Keywords

1 Introduction

Action recognition is one of the promising tasks in the computer vision area and has been employed in many tasks such as surveillance and assistance of the sick and disabled. Although recognizing actions is a trivial task for the human being, the automation of such task is particularly challenging in the real physical world, since it involves understanding the not only the movements that are being performed but also the context in which the action is happening. In this sense, the contextual information plays an important role, giving cues to disambiguate actions that are performed with the same movements. For example, observing a scene context, a human being can easily identify whether a swing movement is being performed in a tennis or a baseball match. To perform such task autonomously, we need an approach that is able to identify not only the moving parts of the image, but also the background of the image to identify the scene context.

In this paper, we address the problem of recognizing actions from videos by using a two-stream architecture, where two convolutional neural networks run in parallel, merging their features in a late fusion approach. Inspired by Silva et al. [12] that improve the object recognition by using the scene context, we build a two-stream neural network architecture where a stream performs the action recognition and another stream improves this recognition by identifying the context where the action occurs. We perform experiments using our approach in two datasets for action recognition and compare our results with baselines and the state-of-the-art approaches.

This paper is organized as follows. Section 2 describes the related work and introduces the standard two-stream architecture and how it has been employed so far. Section 3 details our deep neural architecture based on two-stream for action recognition, whereas Sect. 4 presents all settings and data we use for assessing the performance of our proposed approach. Results are presented and discussed in Sect. 5 along with a comparison with baselines and the state-of-the-art results for each dataset. We finish this paper with our conclusions and future work directions in Sect. 6.

2 Related Work

Advances in hardware and greater availability of data have allowed deep learning algorithms such as Convolutional Neural Networks (CNNs) [5] to consistently improve on the state-of-the-art results when dealing with image-based tasks such as object recognition [7], detection, and semantic segmentation [3]. Extensions of CNN representations to the action recognition task in videos have been proposed in several recent works [8, 13, 15]. For example, Wang et al. [15] apply dynamic tracking attention model (DTAM), which is composed by a CNN and a Long-Short Term Memory (LSTM) to perform human action recognition in videos. Their architecture uses the CNN to extract features from images and the LSTM to deal with the sequential information of the actions. DTAM uses local dynamic tracking to identify moving objects, and global dynamic tracking to estimate the motion of the camera and correct the weights of the motion attention model.

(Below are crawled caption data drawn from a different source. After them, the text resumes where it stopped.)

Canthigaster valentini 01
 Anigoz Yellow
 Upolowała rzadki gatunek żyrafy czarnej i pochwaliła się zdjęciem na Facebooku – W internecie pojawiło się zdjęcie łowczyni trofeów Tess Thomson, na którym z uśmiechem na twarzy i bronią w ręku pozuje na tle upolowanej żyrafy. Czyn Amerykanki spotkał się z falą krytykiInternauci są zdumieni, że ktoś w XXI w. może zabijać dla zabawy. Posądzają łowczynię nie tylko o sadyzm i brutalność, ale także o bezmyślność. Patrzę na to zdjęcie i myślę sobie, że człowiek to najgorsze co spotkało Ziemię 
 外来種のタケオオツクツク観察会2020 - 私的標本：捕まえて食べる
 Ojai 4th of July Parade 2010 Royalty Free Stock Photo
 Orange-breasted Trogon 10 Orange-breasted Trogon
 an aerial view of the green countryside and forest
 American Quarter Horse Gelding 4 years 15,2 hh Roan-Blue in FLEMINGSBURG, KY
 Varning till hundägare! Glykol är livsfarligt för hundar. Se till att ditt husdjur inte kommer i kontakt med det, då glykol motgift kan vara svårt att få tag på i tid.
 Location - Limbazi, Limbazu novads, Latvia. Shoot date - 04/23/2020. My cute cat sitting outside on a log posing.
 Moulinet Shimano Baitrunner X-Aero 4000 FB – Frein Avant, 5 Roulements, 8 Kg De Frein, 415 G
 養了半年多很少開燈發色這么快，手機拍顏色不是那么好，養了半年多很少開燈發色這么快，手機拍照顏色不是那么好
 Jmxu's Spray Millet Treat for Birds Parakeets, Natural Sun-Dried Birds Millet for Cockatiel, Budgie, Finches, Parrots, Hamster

Simonyan and Zisserman [13] propose the two-stream convolutional network architecture, which is composed by two streams running in parallel with a late fusion to merge both streams. The idea behind the two-stream is to mimic the visual cortex, which contains the ventral stream (responsible for object recognition) and the dorsal stream (responsible for recognizing motion) as two separate pathways. Thus, videos can be decomposed into spatial and temporal components: the spatial one that carries information about scene context, and the temporal one that conveys the motion across frames, indicating the movement of the observer and objects. Simonyan and Zisserman use the raw images in the spatial stream and pre-computed optical flow features in the temporal stream. Using a two-stream architecture with two different CNNs, Monteiro et al. [8] perform action recognition in a small egocentric dataset. They affirm that a two-stream architecture achieves better results than a single stream because each stream extracts different features from the same image. The extracted features are then merged by a late score fusion using a Support Vector Machine (SVM).

Scene recognition is a fundamental problem in computer vision and recently has been receiving an increasing attention [12, 16, 17]. As Wang et al. [16] affirm, a scene provides rich semantic information of the global structure providing a meaningful context. As scene context, we can understand as the place in which the objects seat, i.e., the background environment where actions occur. Unlike Monteiro et al. [8] and Simonyan and Zisserman [13], in this work, we associate the identification of the action with the scene context since we believe that the scene context may give interesting clues about the action that is being performed.

Fig. 1.
figure 1

Two-stream architecture composed by a stream to recognize actions and a stream to recognize the context scene with a late fusion.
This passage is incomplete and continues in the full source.